No mention of _tttmnbso*_, but they did mention the noise reduction of the DIGIC 6. Given the performance of the 7D II, which did not really gain much on the RN front (half an electron relative to the 70D), I suspect there will be less banding and lower dark current, but I don't expect the read noise to change much from the 6D. 


With a lower frame rate, the ADC units could operate at a lower frequency. That could help reduce read noise...but I don't know in absolute certainty that the ADC units (I guess 12 of them in the 5Ds series?) are where the bulk of the RN comes from. I assume so, but it remains to be seen if a lower frame rate helps much on that front or not. 


At the very least, we should have lower dark current, which should improve high ISO performance. Not sure it will do much for low ISO performance, especially in the sub-second exposure time range. Less pattern noise as well, which would be good. But _tttmnbso*_, I still don't hope for much.
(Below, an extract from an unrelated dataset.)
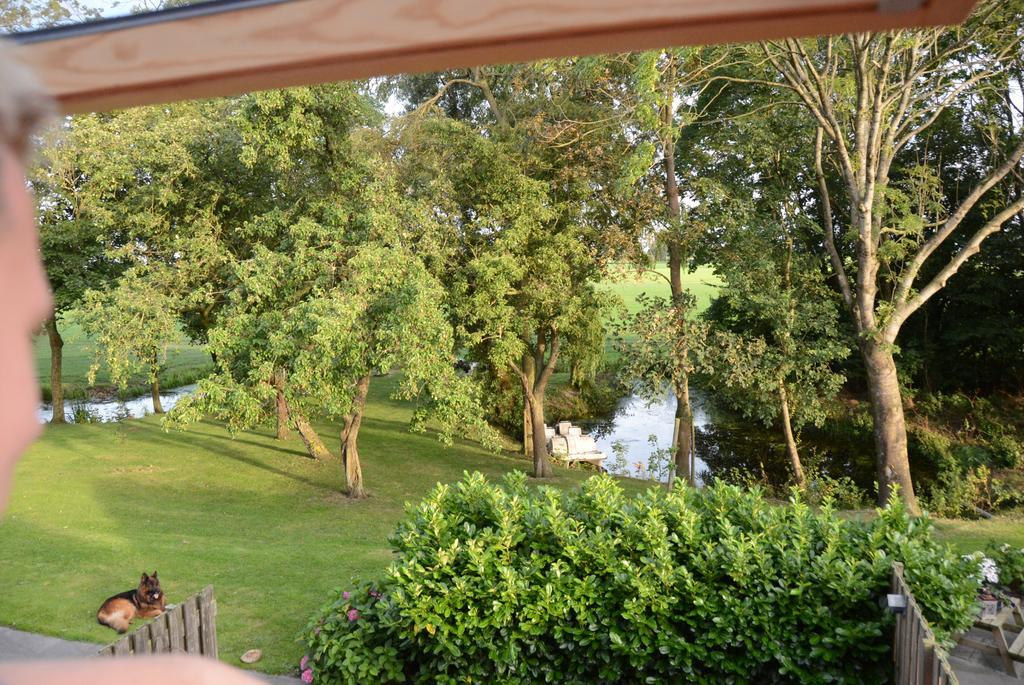 Appartementen Verhuur De Trijehoek Stiens Bagian luar foto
I'm waiting for tests.


----------



## Arkarch (Feb 5, 2015)

*Re: Canon EOS 5DS & EOS 5DS R Press Release*



PhotographyFirst said:


> Arkarch said:
> 
> 
> > paulrossjones said:
> ...



For composition, knowing where the yellow, orange, and green aspens are is helpful. Yes, that is a narrow example, but what I am saying is - the A7R EVF is not an accurate representation of the scene.

As for ND Grad filters, I can see the change in exposure through the 5D3 viewfinder. I can not discriminate as well with 5D3 Live View (especially a soft 0.3) - I always go back to the viewfinder for that final lineup.

Beyond that, your own personal experience and those of others may help evaluate your usability of the EVF. And I do put in the caveat that I see better long, so that may be part of my own experience.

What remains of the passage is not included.